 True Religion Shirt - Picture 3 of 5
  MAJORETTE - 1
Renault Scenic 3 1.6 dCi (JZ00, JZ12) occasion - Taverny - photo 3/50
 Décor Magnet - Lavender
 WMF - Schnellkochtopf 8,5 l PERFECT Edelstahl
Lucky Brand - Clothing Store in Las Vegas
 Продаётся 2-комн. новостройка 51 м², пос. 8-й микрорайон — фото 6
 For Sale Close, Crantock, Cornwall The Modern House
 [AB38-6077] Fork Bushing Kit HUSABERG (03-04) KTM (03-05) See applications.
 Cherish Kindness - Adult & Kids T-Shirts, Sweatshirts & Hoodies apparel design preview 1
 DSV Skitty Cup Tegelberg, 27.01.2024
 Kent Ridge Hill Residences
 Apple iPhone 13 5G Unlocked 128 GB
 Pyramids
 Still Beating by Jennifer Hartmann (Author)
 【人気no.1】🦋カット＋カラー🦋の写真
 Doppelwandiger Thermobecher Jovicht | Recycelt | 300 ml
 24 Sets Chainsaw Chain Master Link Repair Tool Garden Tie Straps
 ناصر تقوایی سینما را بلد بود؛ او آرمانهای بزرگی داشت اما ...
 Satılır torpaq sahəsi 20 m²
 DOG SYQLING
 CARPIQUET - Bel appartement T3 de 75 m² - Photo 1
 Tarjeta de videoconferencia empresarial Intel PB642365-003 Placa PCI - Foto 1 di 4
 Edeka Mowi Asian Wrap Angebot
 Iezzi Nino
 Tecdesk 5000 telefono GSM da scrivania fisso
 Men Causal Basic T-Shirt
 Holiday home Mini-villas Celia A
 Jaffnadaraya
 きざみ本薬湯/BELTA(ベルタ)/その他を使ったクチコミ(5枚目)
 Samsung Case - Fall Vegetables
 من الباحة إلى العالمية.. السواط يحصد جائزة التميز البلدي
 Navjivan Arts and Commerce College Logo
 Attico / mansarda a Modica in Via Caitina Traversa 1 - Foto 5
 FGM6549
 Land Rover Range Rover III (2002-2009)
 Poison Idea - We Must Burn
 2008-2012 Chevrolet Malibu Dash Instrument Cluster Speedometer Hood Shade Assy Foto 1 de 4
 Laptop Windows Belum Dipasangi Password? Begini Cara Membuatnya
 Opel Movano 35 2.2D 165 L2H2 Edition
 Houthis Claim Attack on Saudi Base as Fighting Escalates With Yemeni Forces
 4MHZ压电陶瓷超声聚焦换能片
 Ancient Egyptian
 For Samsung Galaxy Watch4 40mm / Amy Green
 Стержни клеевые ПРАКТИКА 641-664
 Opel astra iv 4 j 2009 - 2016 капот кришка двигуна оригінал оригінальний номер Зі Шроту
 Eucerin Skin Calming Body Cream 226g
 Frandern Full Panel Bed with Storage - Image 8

-------

EXERCISE INSTRUCTIONS: Retype, exactly and only, the lines running from the one with "Satılır torpaq sahəsi 20 m²" through the final line of the listing above.

EXERCISE RESPONSE:
 Satılır torpaq sahəsi 20 m²
 DOG SYQLING
 CARPIQUET - Bel appartement T3 de 75 m² - Photo 1
 Tarjeta de videoconferencia empresarial Intel PB642365-003 Placa PCI - Foto 1 di 4
 Edeka Mowi Asian Wrap Angebot
 Iezzi Nino
 Tecdesk 5000 telefono GSM da scrivania fisso
 Men Causal Basic T-Shirt
 Holiday home Mini-villas Celia A
 Jaffnadaraya
 きざみ本薬湯/BELTA(ベルタ)/その他を使ったクチコミ(5枚目)
 Samsung Case - Fall Vegetables
 من الباحة إلى العالمية.. السواط يحصد جائزة التميز البلدي
 Navjivan Arts and Commerce College Logo
 Attico / mansarda a Modica in Via Caitina Traversa 1 - Foto 5
 FGM6549
 Land Rover Range Rover III (2002-2009)
 Poison Idea - We Must Burn
 2008-2012 Chevrolet Malibu Dash Instrument Cluster Speedometer Hood Shade Assy Foto 1 de 4
 Laptop Windows Belum Dipasangi Password? Begini Cara Membuatnya
 Opel Movano 35 2.2D 165 L2H2 Edition
 Houthis Claim Attack on Saudi Base as Fighting Escalates With Yemeni Forces
 4MHZ压电陶瓷超声聚焦换能片
 Ancient Egyptian
 For Samsung Galaxy Watch4 40mm / Amy Green
 Стержни клеевые ПРАКТИКА 641-664
 Opel astra iv 4 j 2009 - 2016 капот кришка двигуна оригінал оригінальний номер Зі Шроту
 Eucerin Skin Calming Body Cream 226g
 Frandern Full Panel Bed with Storage - Image 8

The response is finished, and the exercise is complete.